Some tools for collective epistemics
By Forethought, Owen Cotton-Barratt, Lizka, Oliver Sourbut @ 2026-02-06T11:01 (+67)
This is a linkpost to https://www.forethought.org/research/design-sketches-collective-epistemics
We’ve recently published a set of design sketches for AI tools that help with collective epistemics.
We think that these tools could be a pretty big deal:
- If it gets easier to track what’s trustworthy and what isn’t, we might end up in an equilibrium which rewards honesty
- This could make the world saner in a bunch of ways, and in particular could give us a better shot at handling the transition to more advanced AI systems
We’re excited for people to get started on building tech that gets us closer to that world. We’re hoping that our design sketches will make this area more concrete, and inspire people to get started.
The (overly-)specific technologies we sketch out are:
- Community notes for everything — Anywhere on the internet, content that may be misleading comes served with context that a large proportion of readers find helpful
- Rhetoric highlighting — Sentences which are persuasive-but-misleading, or which misrepresent cited work, are automatically flagged to readers or writers
- Reliability tracking — Users can effortlessly discover the track record of statements on a given topic from a given actor; those with bad records come with health warnings
- Epistemic virtue evals — Anyone who wants a state-of-the-art AI system they can trust uses one that’s been rigorously tested to avoid bias, sycophancy, and manipulation; by enabling “pedantic mode” its individual statements avoid being even ambiguously misleading or false
- Provenance tracing — Anyone seeing data / claims can instantly bring up details of where they came from, how robust they are, etc.
If you have ideas for how to implement these technologies, issues we may not have spotted, or visions for other tools in this space, we’d love to hear them.
This article was created by Forethought. Read the original on our website.

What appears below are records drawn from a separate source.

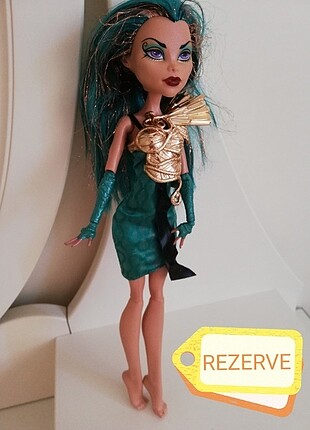 Monster high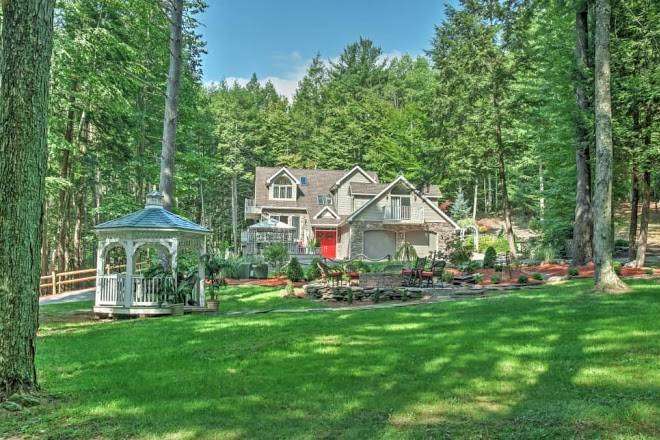 Lodge At Singing Waters Image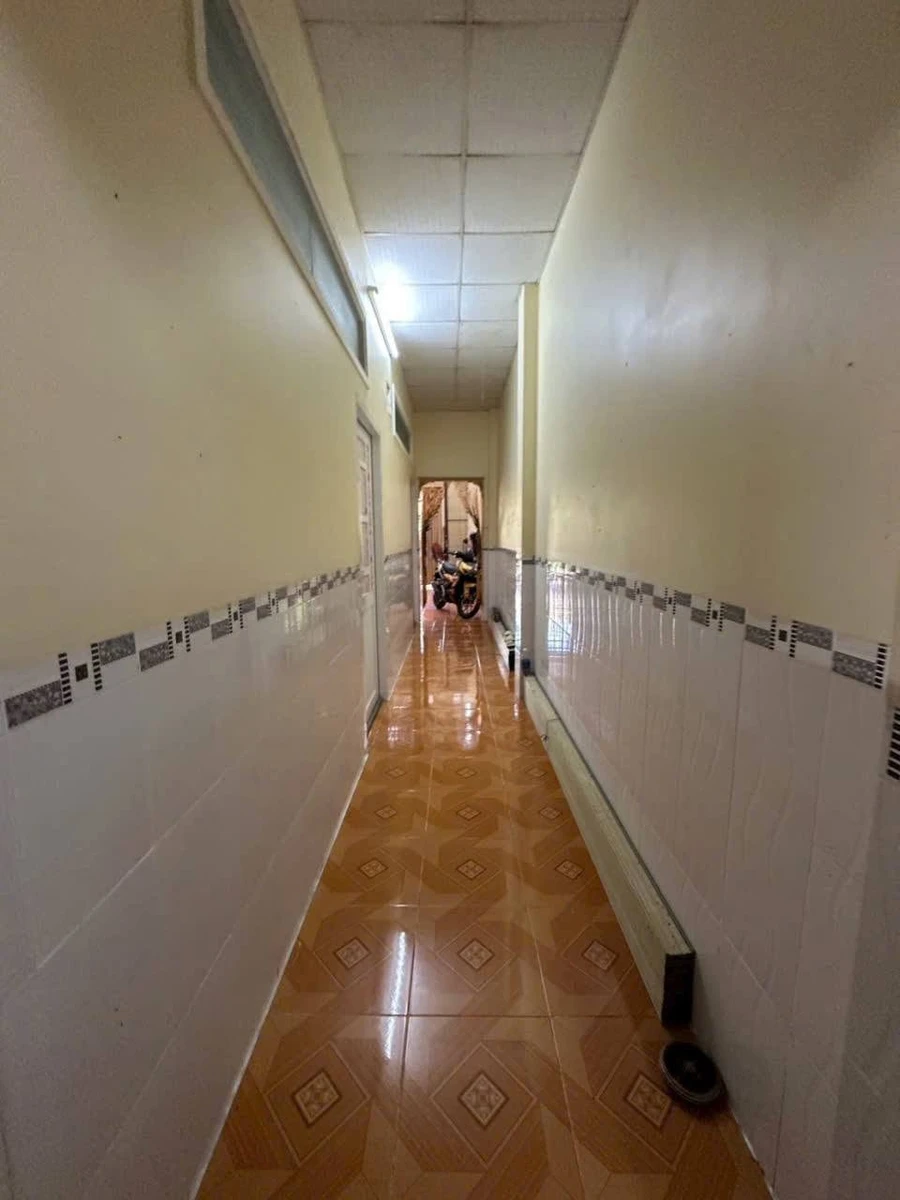 Bán nhà mặt tiền Nguyễn Hiến Lê 110m² Quận 7 giá 1.6 tỷ - Ảnh thu nhỏ 3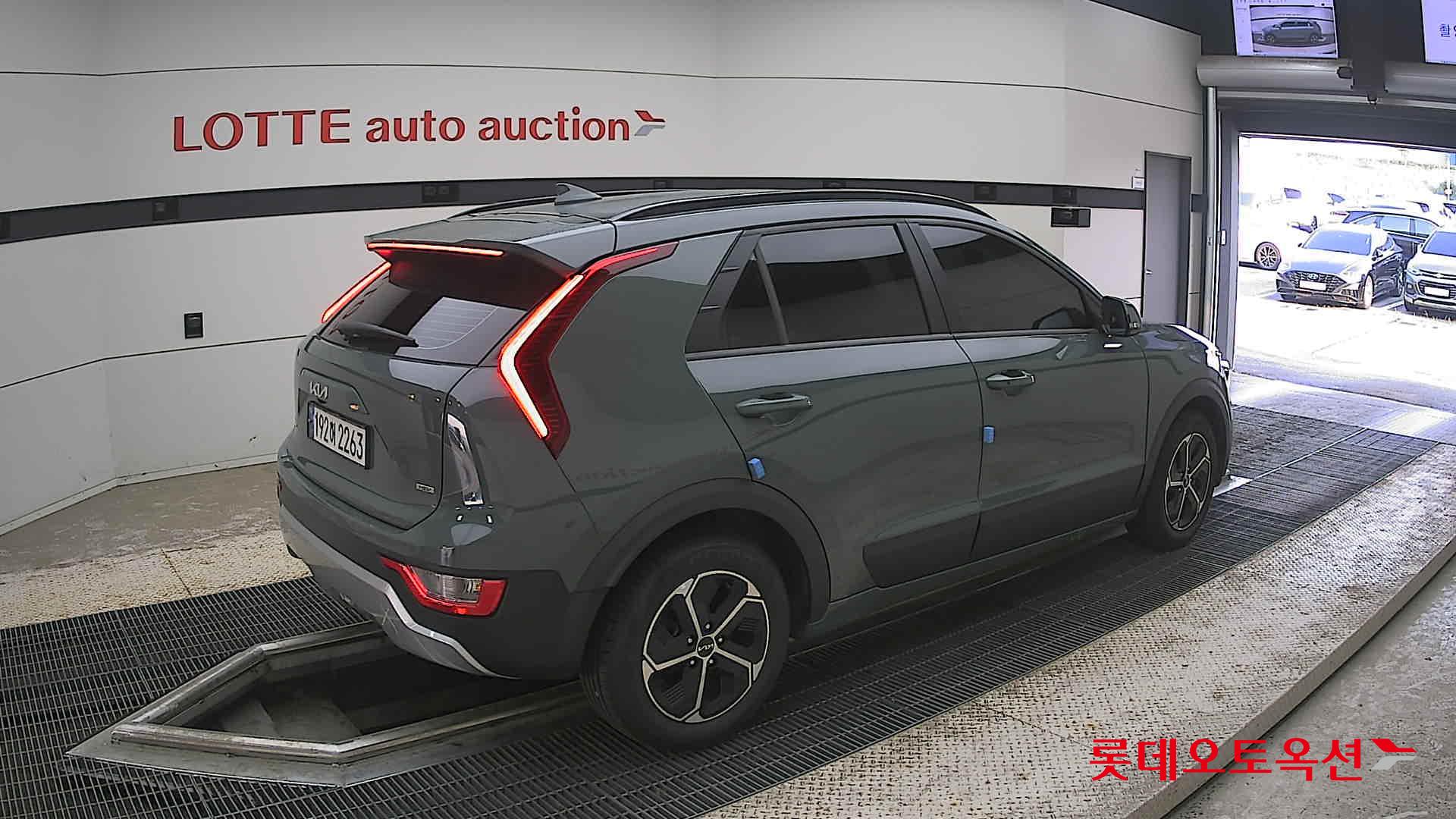 2023 - kia niro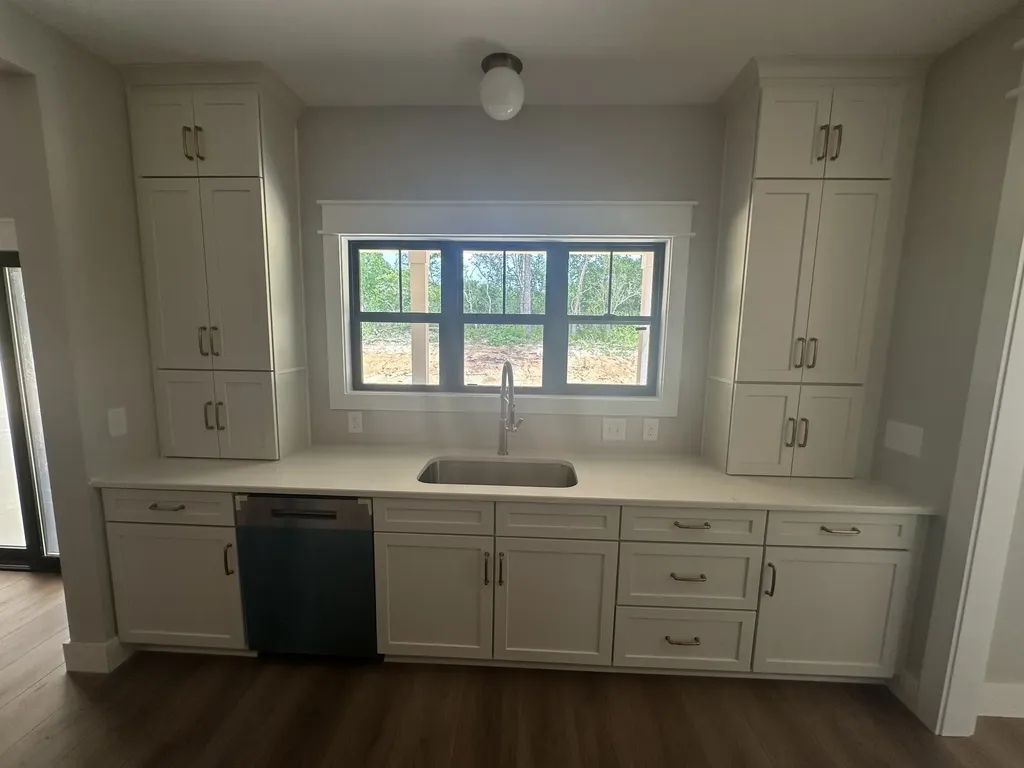 2051 Ussery Road, S Clarksville TN 37040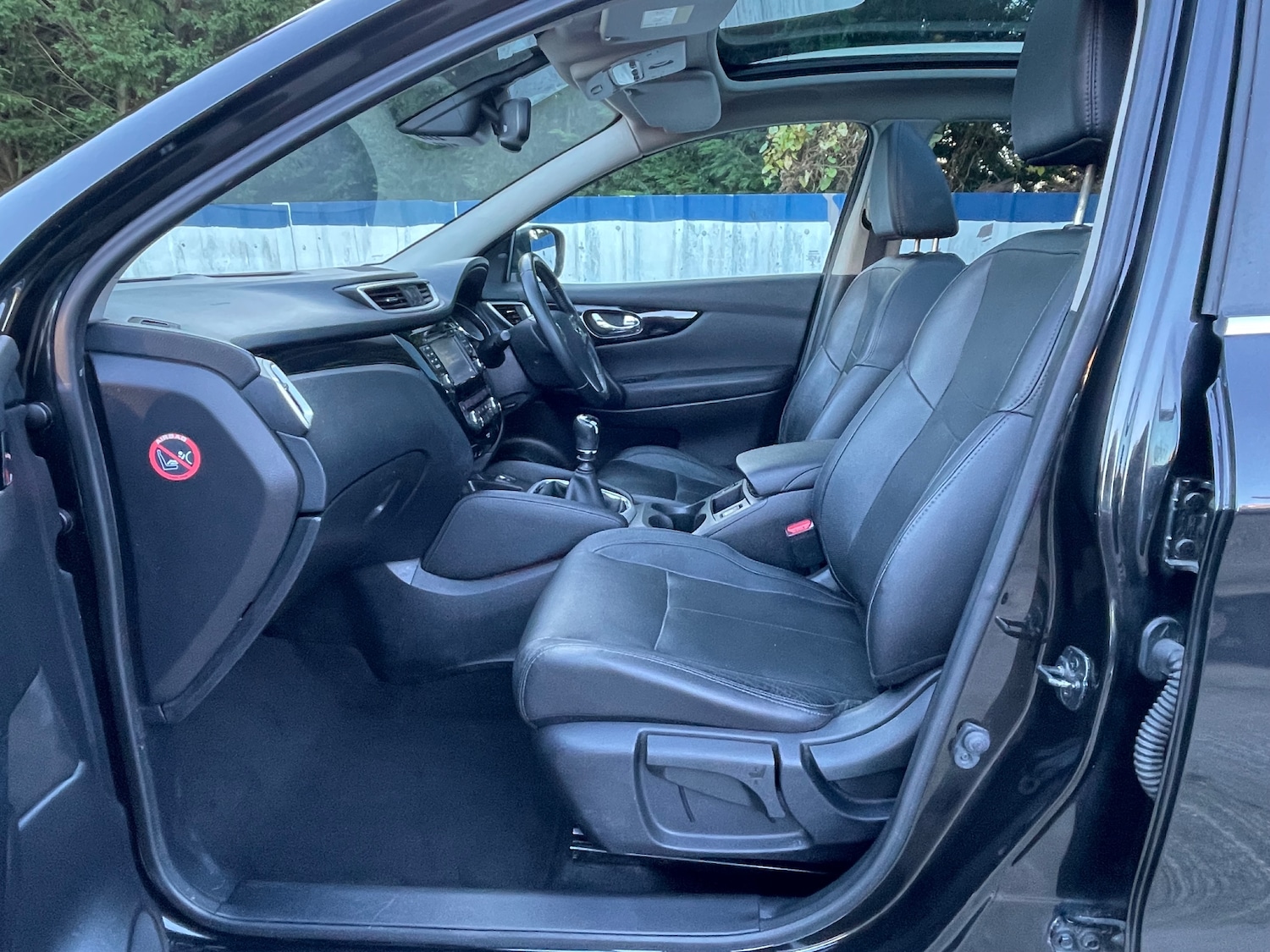 Used Nissan Qashqai 2015 for sale - 77249359: Photo 9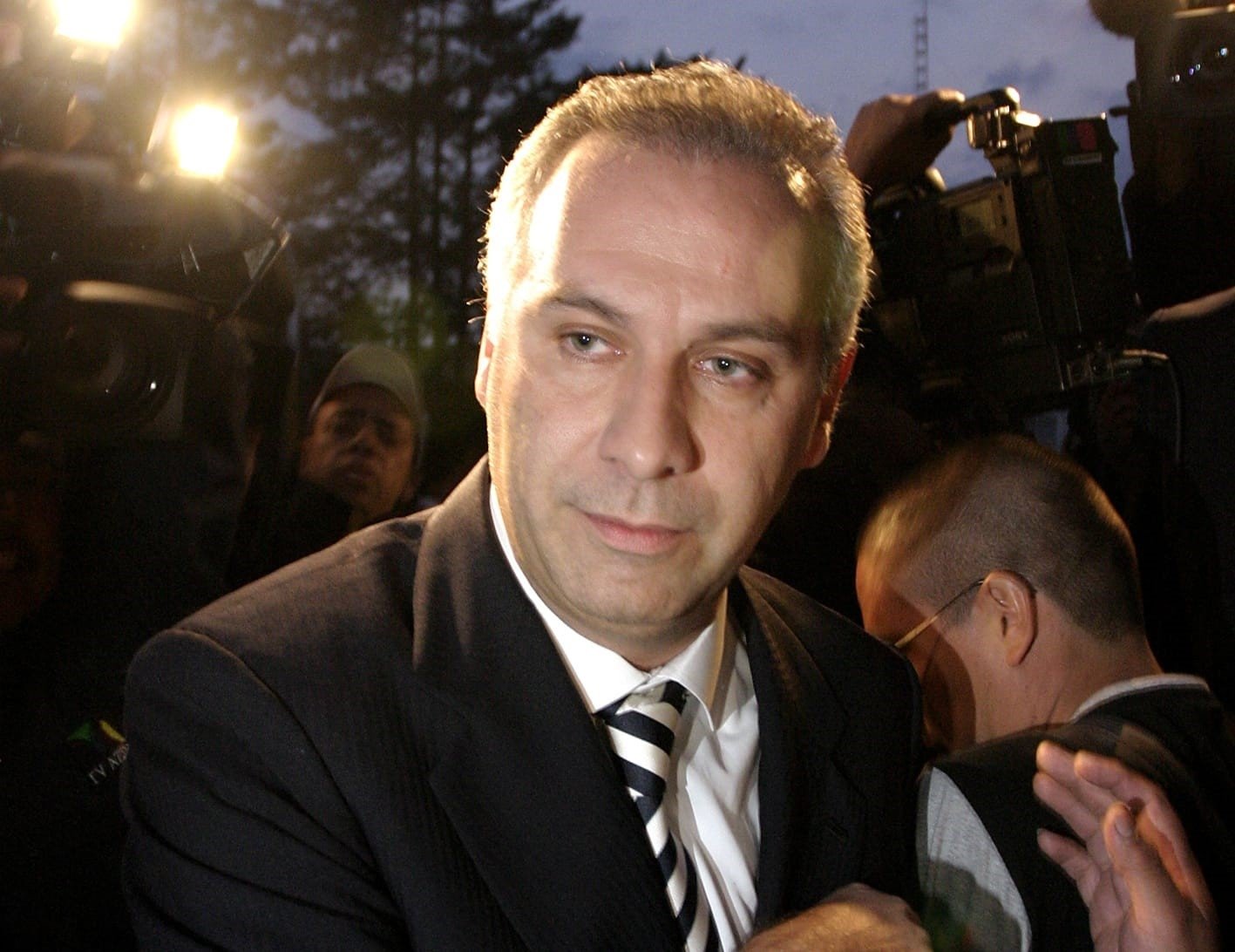 Juan Collado, esposo de Yadhira Carrillo, queda en libertad; deberá usar brazalete electrónico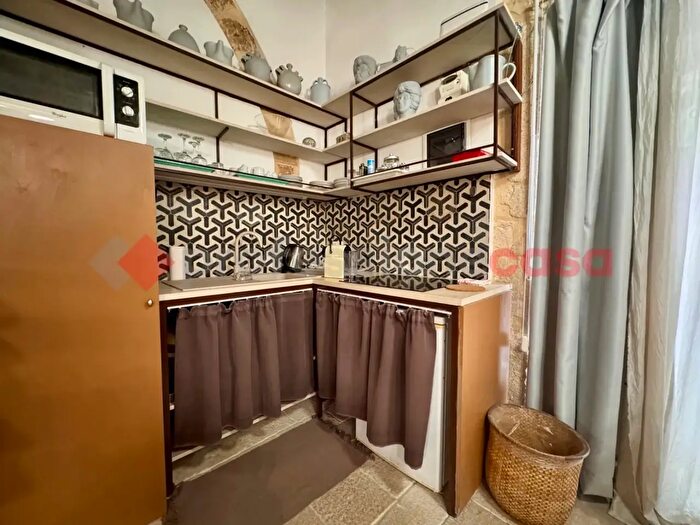 Appartamento bilocale in vendita in Via Castello Maniace, Siracusa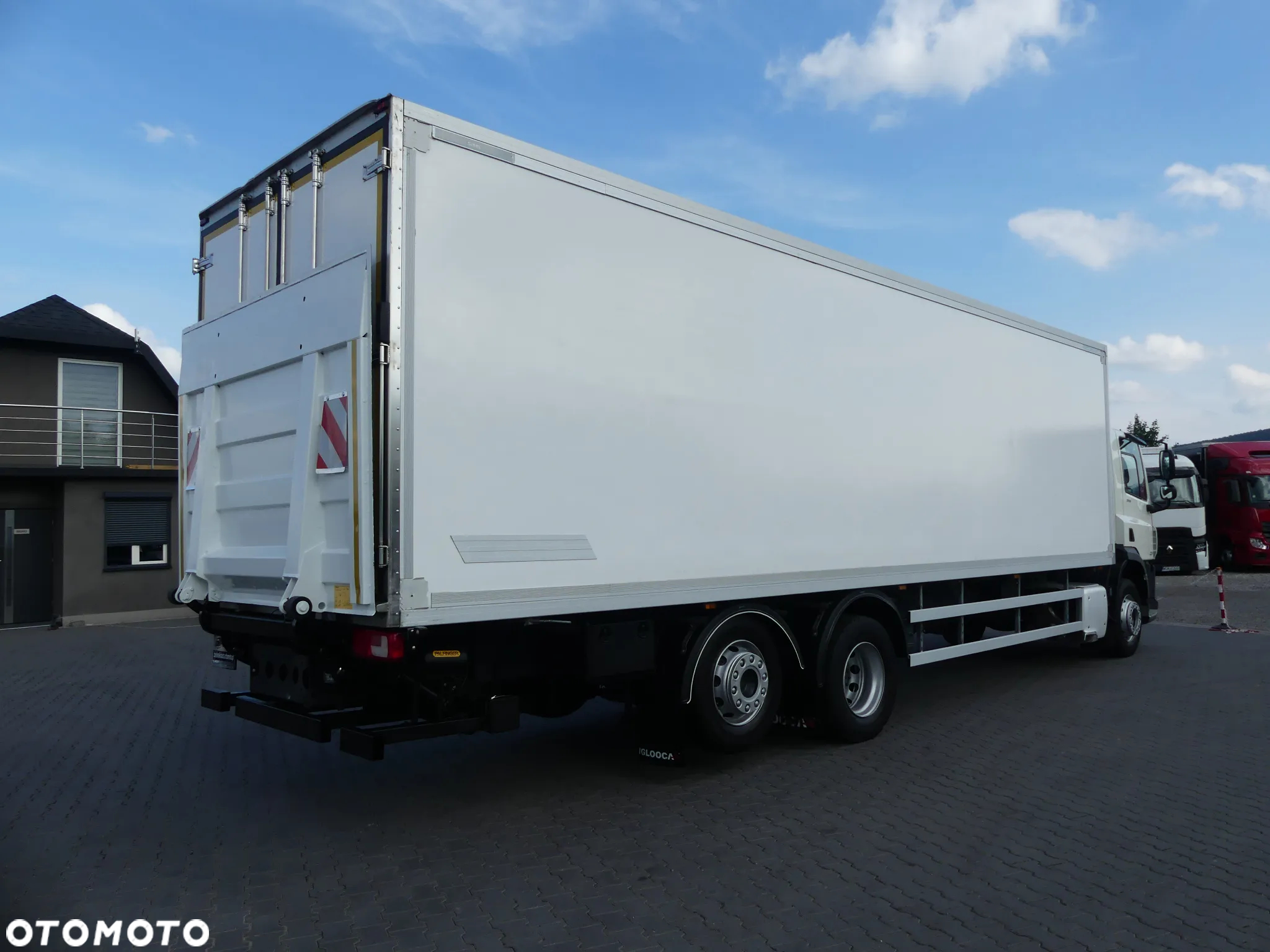 DAF CF 370 / 6x2 / CHŁODNIA 9.50 + WINDA / EURO 6 / - 9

mako yass @ 2026-02-07T06:04 (+17)
Browser extensions are almost[1] never widely adopted.
Whenever anyone reminds me of this by proposing the annotations everywhere concept again, I remember that the root of the problem is distribution. You can propose it, you can even build it, but it wont be delivered to people. It should be. There are ways of designing computers/a better web where rollout would just happen.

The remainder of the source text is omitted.